5. Treating one cloud as one compliance story. "We are on Azure, so we are HIPAA-compliant" is wrong by default. The Azure BAA does not extend automatically to every Cognitive Service; you must opt in per service and verify which models are in scope. The same applies to AWS and Google.

KPIs to measure once you ship

Quality KPIs. Word error rate (WER) on a frozen evaluation set of at least 10,000 reference words; keyword recall rate (KRR) on your domain glossary, target above 95%; diarization purity and completeness, target above 90% for both. Re-score monthly to detect drift.

Business KPIs. First-call resolution rate or task success rate for voice agents (target above 85%); transcript-driven downstream metrics — meeting summary accept rate, ticket auto-routing accuracy, lead qualification correctness. These are the numbers your CEO actually cares about.

Reliability KPIs. Real-time factor (RTF) under 0.5 to feel responsive; mean time to recognised speech (MTRS) under 300 ms streaming and under 1 s batch; vendor uptime (track your own, vendor SLAs are aspirational); error budget burn-rate alarms when WER drifts more than 2 percentage points from baseline.

HIPAA, GDPR, and data residency

HIPAA. Voice that contains PHI — diagnoses, prescriptions, identifiers — cannot legally be sent to a vendor that will not sign a Business Associate Agreement. As of 2026, AWS Transcribe Medical, Azure AI Speech (with the Microsoft BAA), Deepgram, and IBM Watson are the safe BAA-eligible options. OpenAI signs ZDR addenda but not full BAAs on standard plans. The HHS Phase 3 audit programme launched in March 2025; non-compliance now carries audit risk on top of breach risk.

GDPR. Voice is personal data. You need explicit prior consent, a documented retention window, deletion on request, and "data protection by design". Maximum fines reach €20M or 4% of global revenue. US-only API endpoints are a problem for EU workloads — either use the vendor’s EU region (Google EU, Azure EU, Deepgram EU) or deploy a containerised model (Speechmatics container, Riva on-prem) inside an EU VPC.

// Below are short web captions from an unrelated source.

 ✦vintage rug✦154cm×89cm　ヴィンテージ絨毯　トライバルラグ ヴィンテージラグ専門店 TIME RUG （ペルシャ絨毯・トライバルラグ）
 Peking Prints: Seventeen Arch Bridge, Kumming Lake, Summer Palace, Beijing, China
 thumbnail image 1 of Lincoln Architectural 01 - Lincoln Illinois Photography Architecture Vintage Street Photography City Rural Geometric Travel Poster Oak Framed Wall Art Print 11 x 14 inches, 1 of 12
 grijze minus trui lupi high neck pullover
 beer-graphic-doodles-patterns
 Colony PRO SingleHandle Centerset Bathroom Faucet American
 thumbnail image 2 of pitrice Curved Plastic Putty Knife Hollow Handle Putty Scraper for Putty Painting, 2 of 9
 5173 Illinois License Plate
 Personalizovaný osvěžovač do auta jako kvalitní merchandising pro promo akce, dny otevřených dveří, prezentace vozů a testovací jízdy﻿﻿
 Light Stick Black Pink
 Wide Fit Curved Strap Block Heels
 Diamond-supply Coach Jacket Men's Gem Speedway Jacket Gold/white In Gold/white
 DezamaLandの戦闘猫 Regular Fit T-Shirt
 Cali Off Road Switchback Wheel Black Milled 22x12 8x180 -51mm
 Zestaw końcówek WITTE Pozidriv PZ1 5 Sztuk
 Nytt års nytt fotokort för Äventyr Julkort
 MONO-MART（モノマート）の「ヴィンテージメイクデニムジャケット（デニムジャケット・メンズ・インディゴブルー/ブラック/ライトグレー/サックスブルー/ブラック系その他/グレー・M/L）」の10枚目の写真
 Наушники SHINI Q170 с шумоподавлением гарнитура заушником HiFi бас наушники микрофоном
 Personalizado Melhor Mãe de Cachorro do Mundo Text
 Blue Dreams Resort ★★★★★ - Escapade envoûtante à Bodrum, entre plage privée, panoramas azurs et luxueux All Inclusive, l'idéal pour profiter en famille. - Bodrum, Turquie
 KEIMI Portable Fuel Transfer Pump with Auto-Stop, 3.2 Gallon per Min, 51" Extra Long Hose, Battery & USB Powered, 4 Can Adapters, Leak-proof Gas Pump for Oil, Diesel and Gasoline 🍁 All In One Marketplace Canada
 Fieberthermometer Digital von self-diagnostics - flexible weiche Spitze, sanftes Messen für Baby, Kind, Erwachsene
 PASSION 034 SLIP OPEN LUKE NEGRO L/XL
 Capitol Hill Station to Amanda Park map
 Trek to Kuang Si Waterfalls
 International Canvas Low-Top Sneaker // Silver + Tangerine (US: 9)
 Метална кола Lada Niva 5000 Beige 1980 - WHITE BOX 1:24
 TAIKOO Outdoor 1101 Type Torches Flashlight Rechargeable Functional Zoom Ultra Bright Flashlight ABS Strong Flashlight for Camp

Data residency. The cleanest pattern for sovereign workloads is: deploy a vendor container (Speechmatics or Riva) inside your VPC, in the right region, with audit logging into your own SIEM. You keep encryption keys, you keep raw audio, and you still benefit from the vendor’s model quality. The cost is a higher per-minute rate — usually justified the first time a regulator asks where the audio went.

When not to use cloud ASR

Three scenarios where a hosted API is the wrong answer. First, on-device offline use cases — an iOS or Android app that needs to caption locally for accessibility, a hardware device with no reliable connectivity, a privacy-first consumer product. Whisper.cpp on CPU or Whisper-large-v3-turbo via Core ML is the right answer.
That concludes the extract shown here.